Could you please output all of the data exactly, without the images?

> **RECORDED INFORMATION**:
════════════════

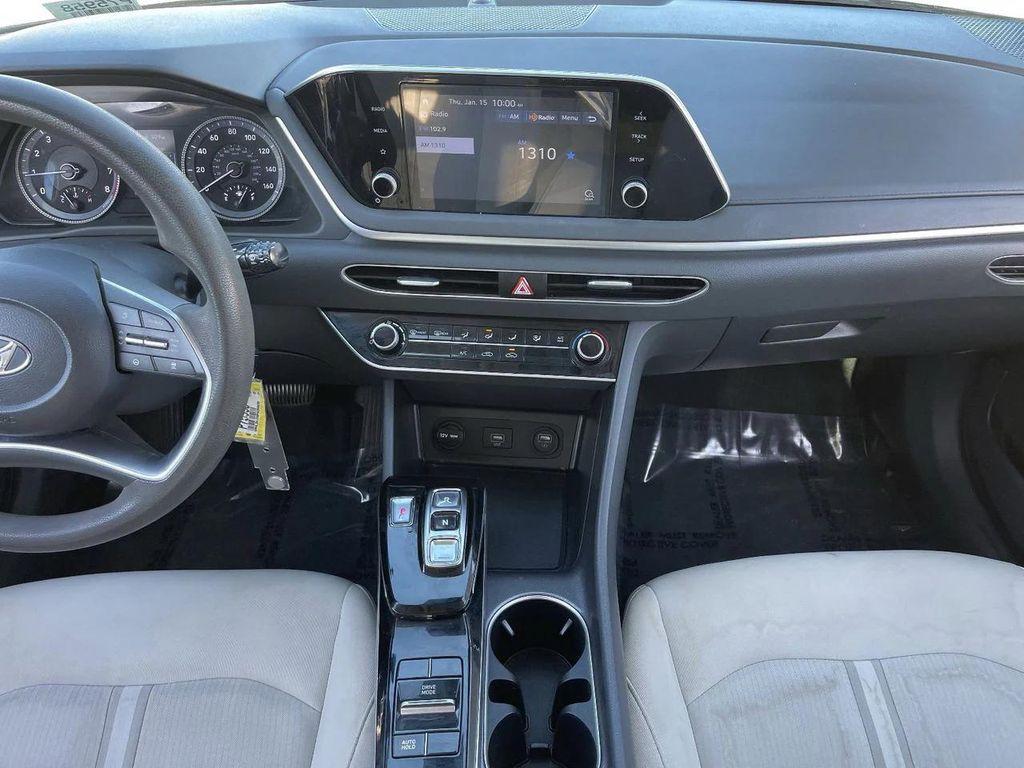 used 2023 Hyundai Sonata car, priced at $14,793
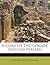 A Concise Dictionary, English-persian
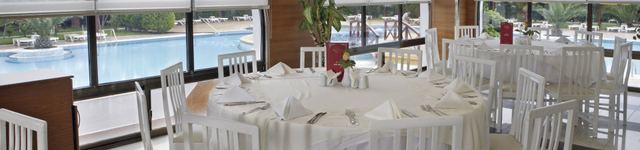 Restaurant & Bar - Grand Temizel Hotel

════════════════

> **REPLY TO THE TASK**:
 used 2023 Hyundai Sonata car, priced at $14,793
 A Concise Dictionary, English-persian
 Restaurant & Bar - Grand Temizel Hotel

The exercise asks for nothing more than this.